[RECORDS]

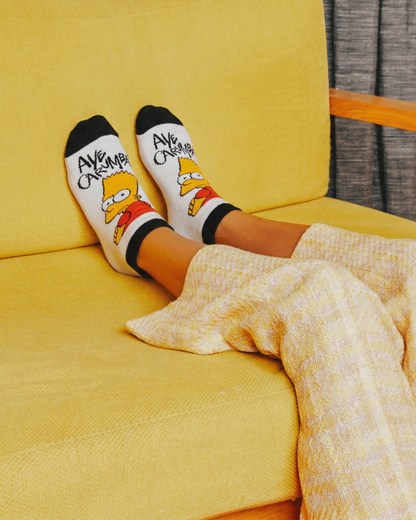 Bart Simpson Socks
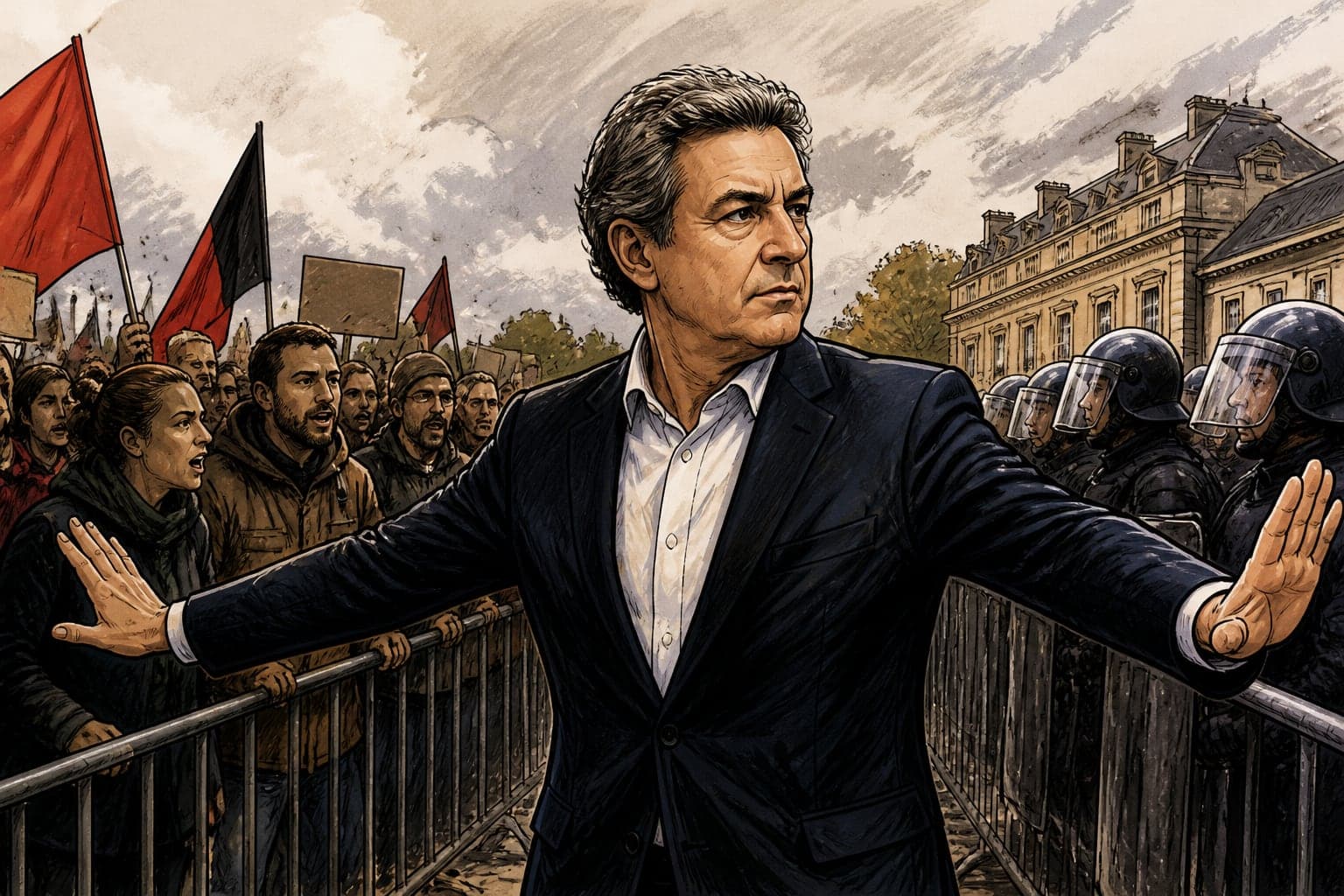 Manifestations du 17 octobre : bras de fer à Paris et dispositif sécuritaire national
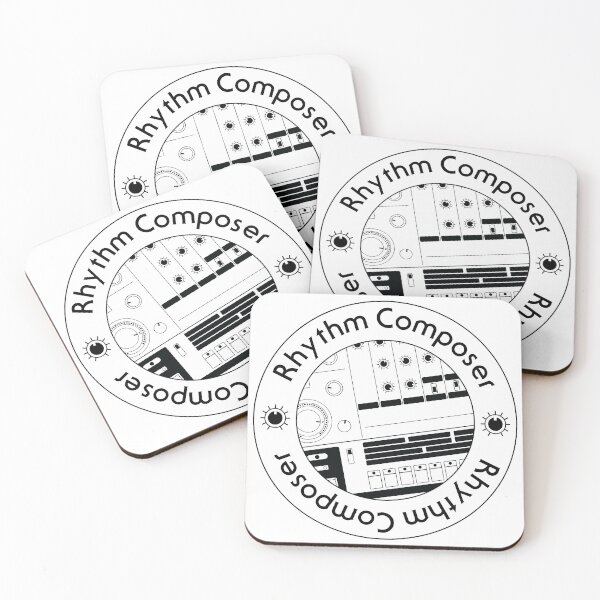 Item preview, 808 Drum Machine: Rhythm Composer designed and sold by AtomicMalibu.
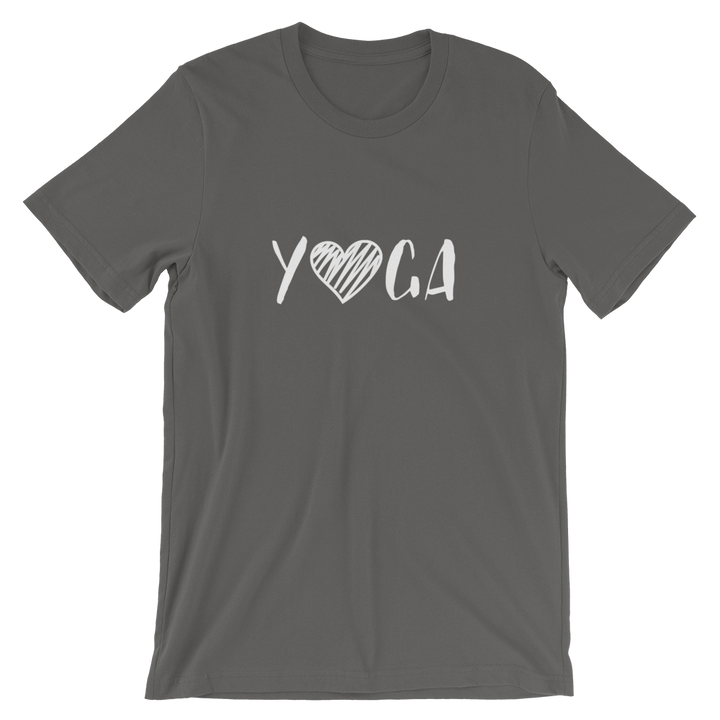 Short-Sleeve Unisex T-Shirt (YOGA)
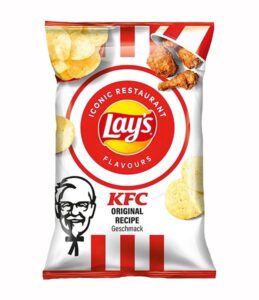 Lays KFC Fried Chicken Bag 150g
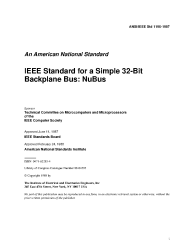 IEEE 1196:1987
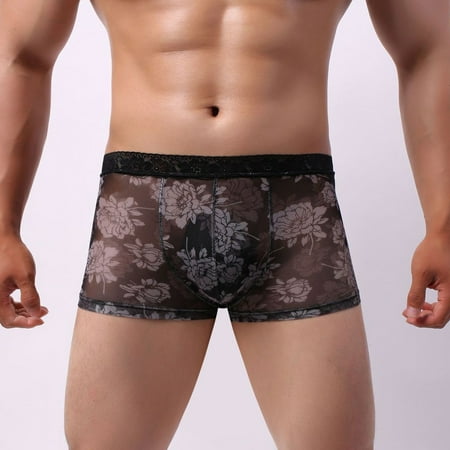 

eczipvz Mens Underwear Mens Bikini Underwear Low Rise Briefs Microfiber Underpants Black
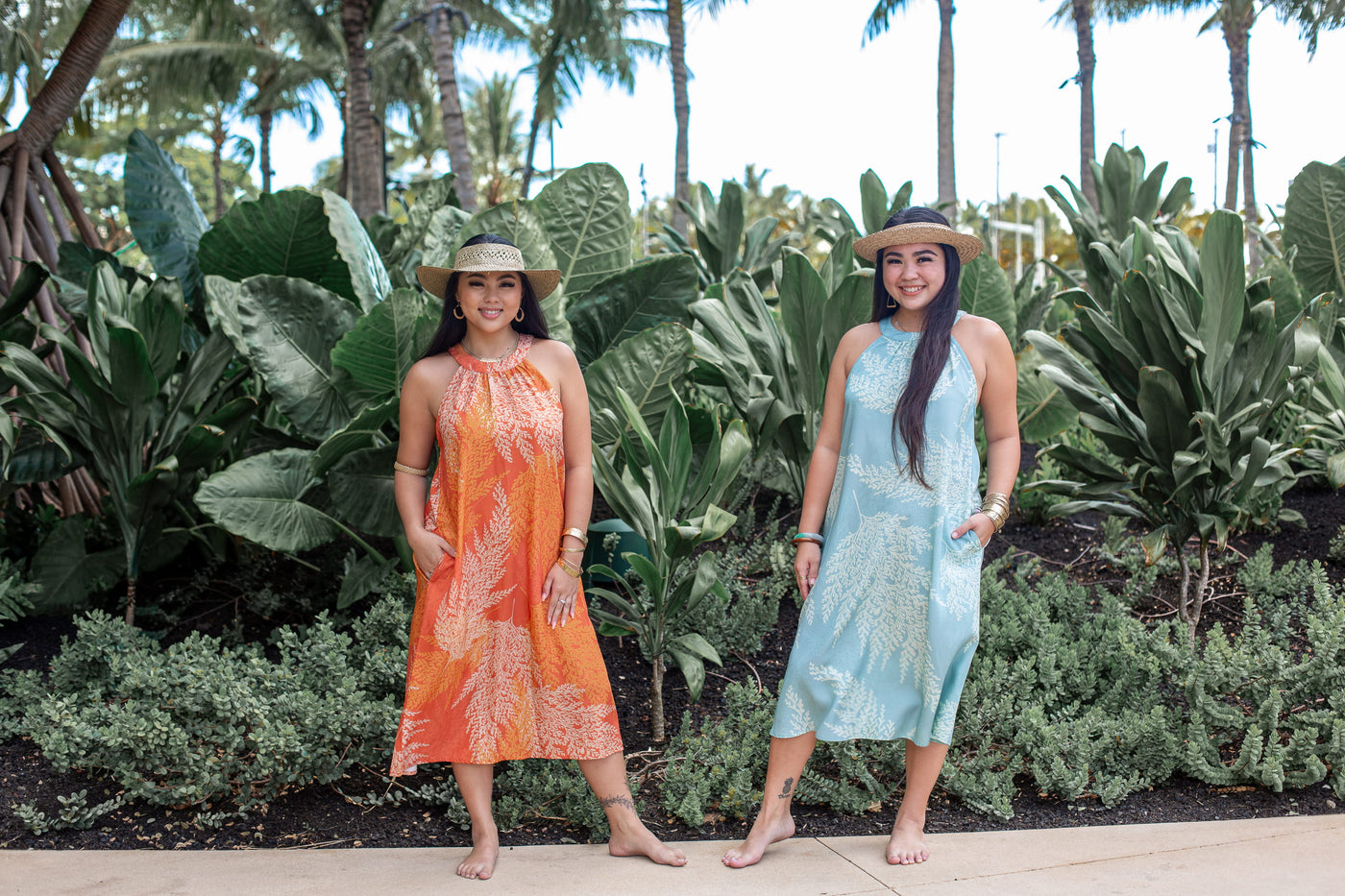 Hula Dresses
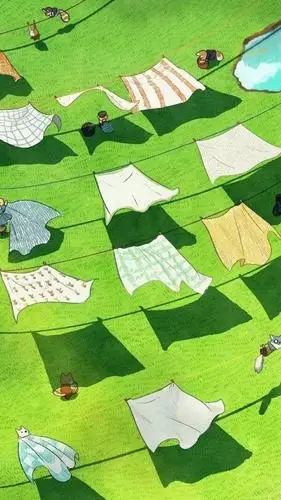 抖音刚火的绿色壁纸:绿色很好,只是被爱情玷污了而已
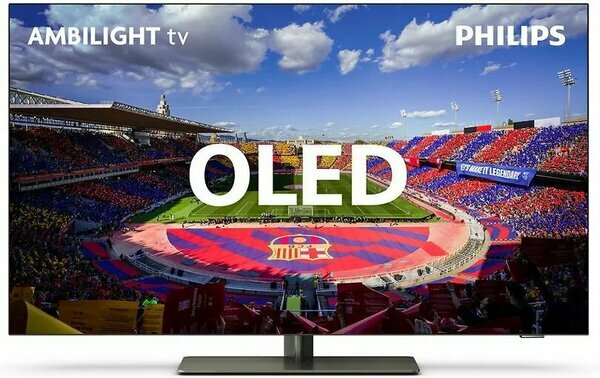 Телевизор Philips OLED908 65 " 4K OLED + Ambilight Google TV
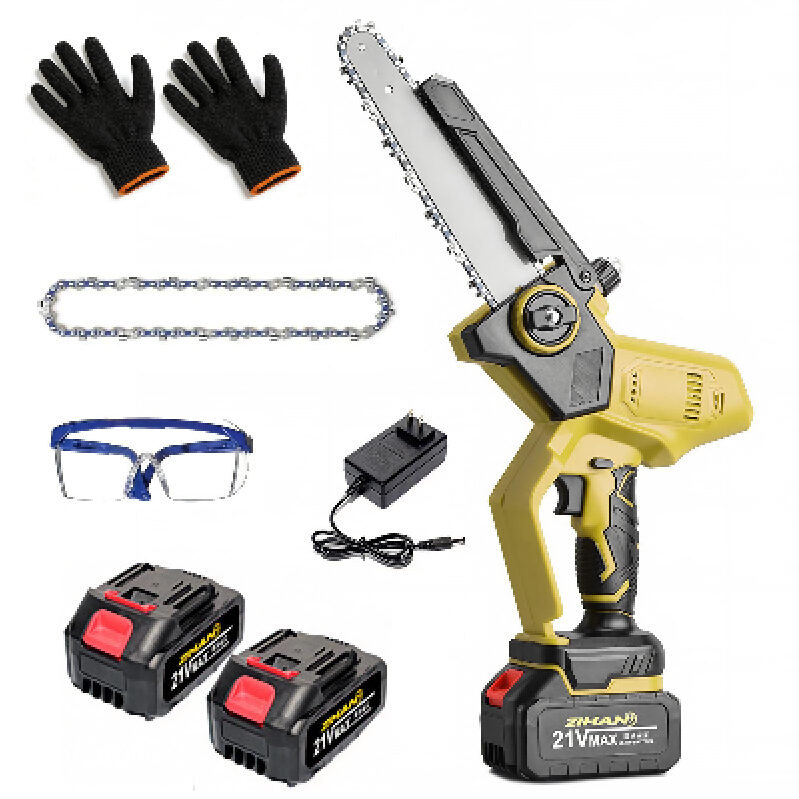 Meticply 8-Inch Electric Chainsaw Kit on Sale - Save Big with Discount Code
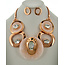 The Right Stuff Necklace Set - Rose Gold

[/RECORDS]

• THE PROBLEM
From the first line to the last, set down the data exactly, without the pictures.

• WRITTEN REPLY
 Bart Simpson Socks
 Manifestations du 17 octobre : bras de fer à Paris et dispositif sécuritaire national
 Item preview, 808 Drum Machine: Rhythm Composer designed and sold by AtomicMalibu.
 Short-Sleeve Unisex T-Shirt (YOGA)
 Lays KFC Fried Chicken Bag 150g
 IEEE 1196:1987

eczipvz Mens Underwear Mens Bikini Underwear Low Rise Briefs Microfiber Underpants Black
 Hula Dresses
 抖音刚火的绿色壁纸:绿色很好,只是被爱情玷污了而已
 Телевизор Philips OLED908 65 " 4K OLED + Ambilight Google TV
 Meticply 8-Inch Electric Chainsaw Kit on Sale - Save Big with Discount Code
 The Right Stuff Necklace Set - Rose Gold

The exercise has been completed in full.